| Exercise brief |
Take the lines below from the one with "Chaves 229 Blue" through the one with "Beautiful Elephants Premium" and print only them, exactly. Don't print the pictures.

| Input records |
....

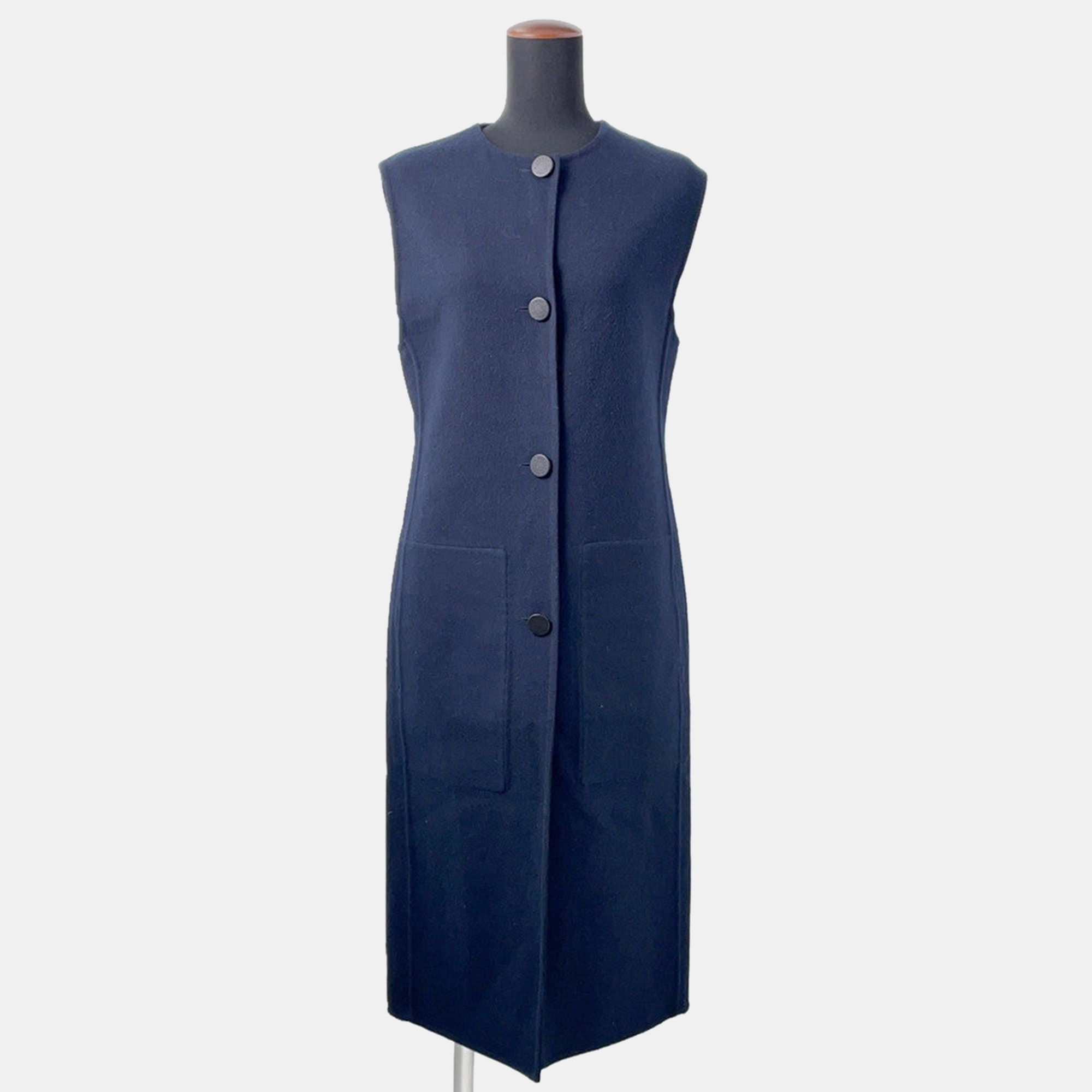 Pre-owned Hermes Long Gilet Size 34 Navy Cashmere100% In Blue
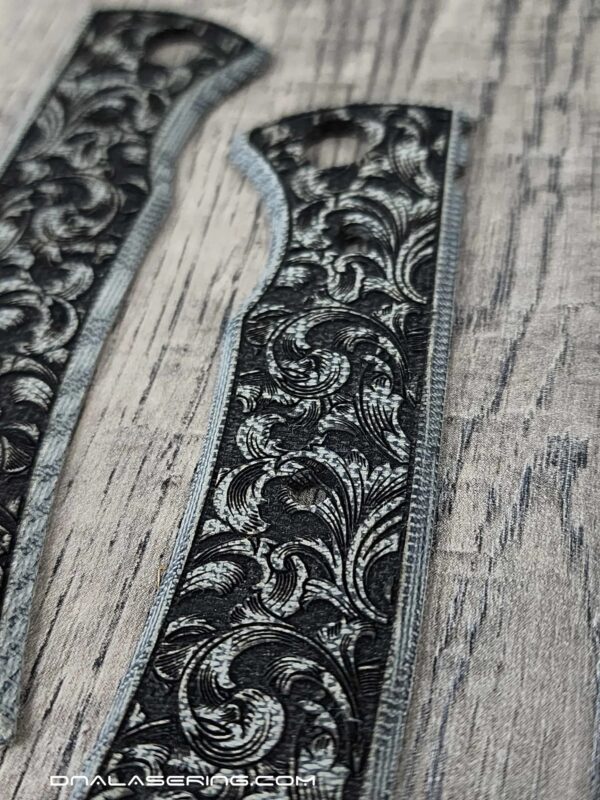 Chaves 229 Blue Label Scales – Deep Engraved Black Micarta Handles Scroll Design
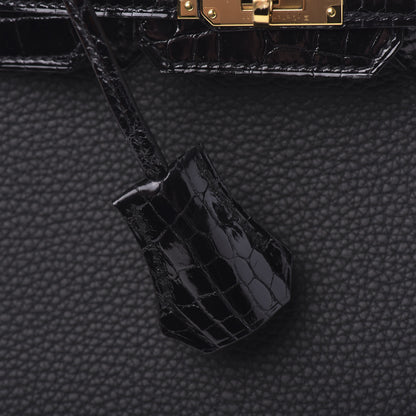 Hermes Togo Shiny Niloticus Crocodile Birkin Touch 25 Black 26 of 38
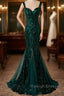 Green Mermaid Long Straps Sequins Long Prom Dress, Green Mermaid Evening Dress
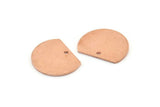 Semi Circle Charm, 10 Raw Copper Half Moon Blanks With 1 Hole (18x14x0.90mm) M974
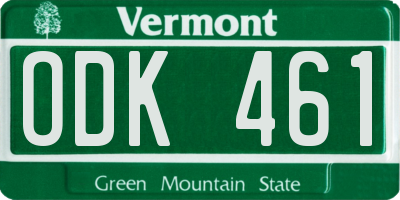 VT license plate ODK461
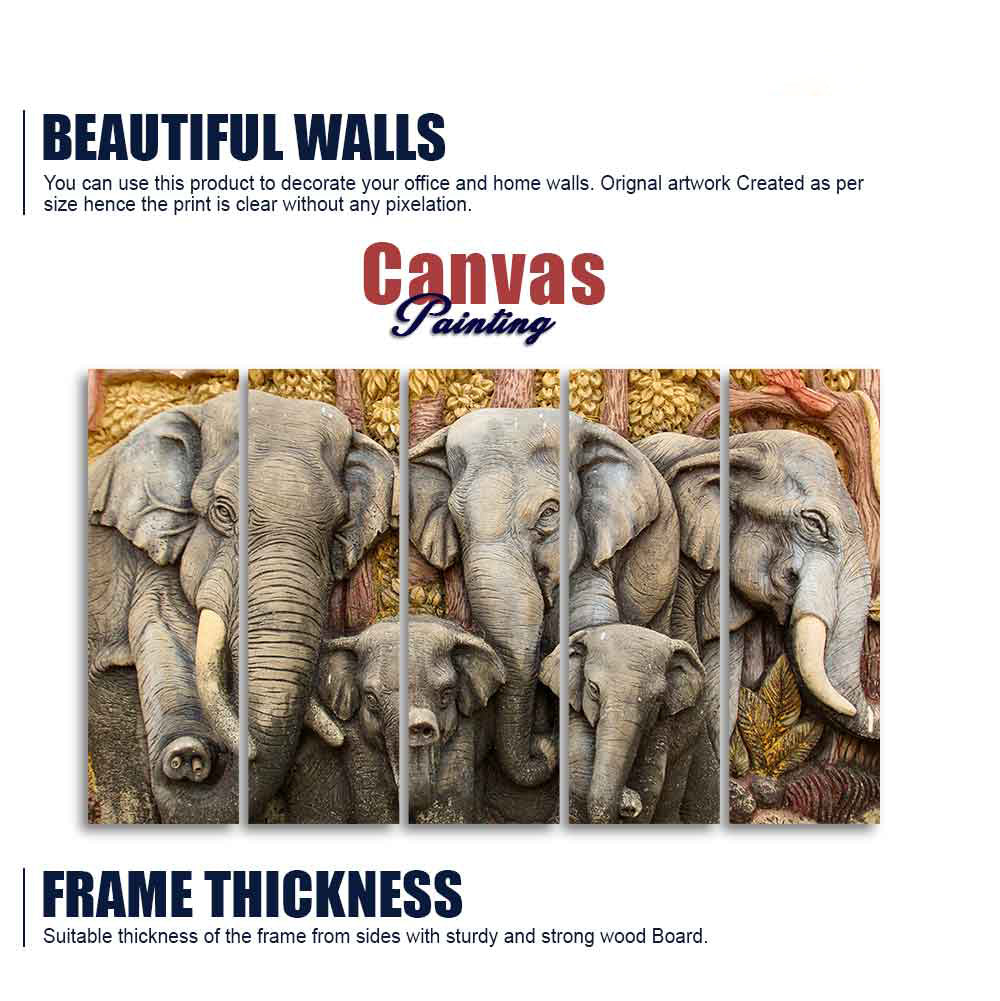 Beautiful Elephants Premium Wall Painting Set of Five - Image 5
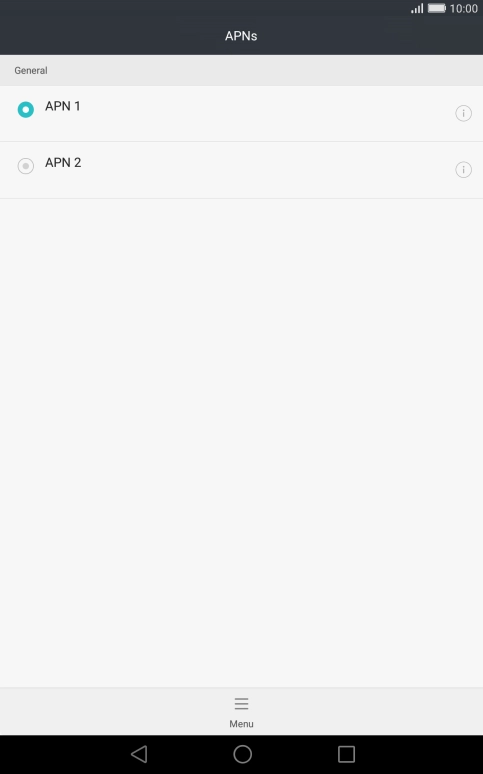 Press the field next to the data connection to activate it. Press the field next to the data connection to activate it.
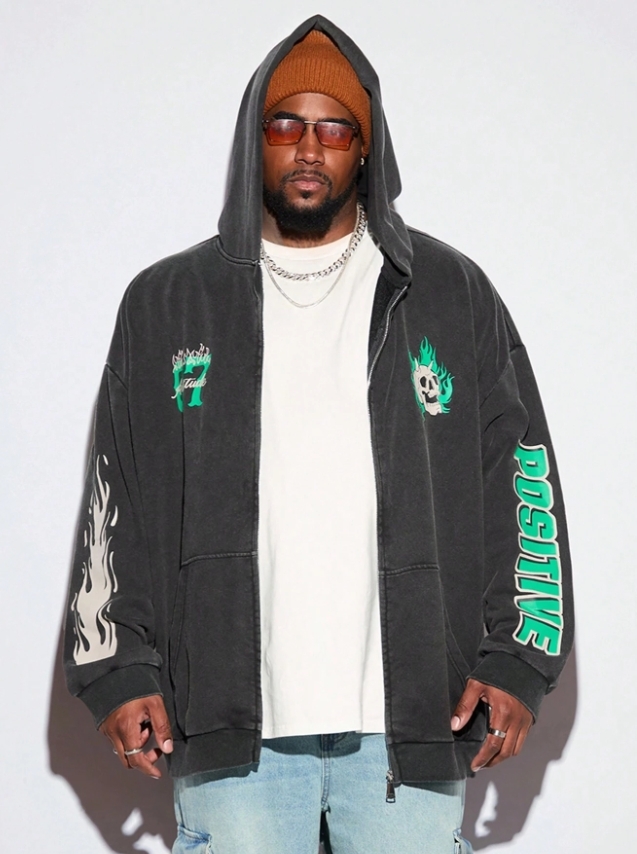 KADMAX大尺碼-男士寬鬆雪花印花拉鍊連帽外套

....

| Task response |
 Chaves 229 Blue Label Scales – Deep Engraved Black Micarta Handles Scroll Design
 Hermes Togo Shiny Niloticus Crocodile Birkin Touch 25 Black 26 of 38
 Green Mermaid Long Straps Sequins Long Prom Dress, Green Mermaid Evening Dress
 Semi Circle Charm, 10 Raw Copper Half Moon Blanks With 1 Hole (18x14x0.90mm) M974
 VT license plate ODK461
 Beautiful Elephants Premium Wall Painting Set of Five - Image 5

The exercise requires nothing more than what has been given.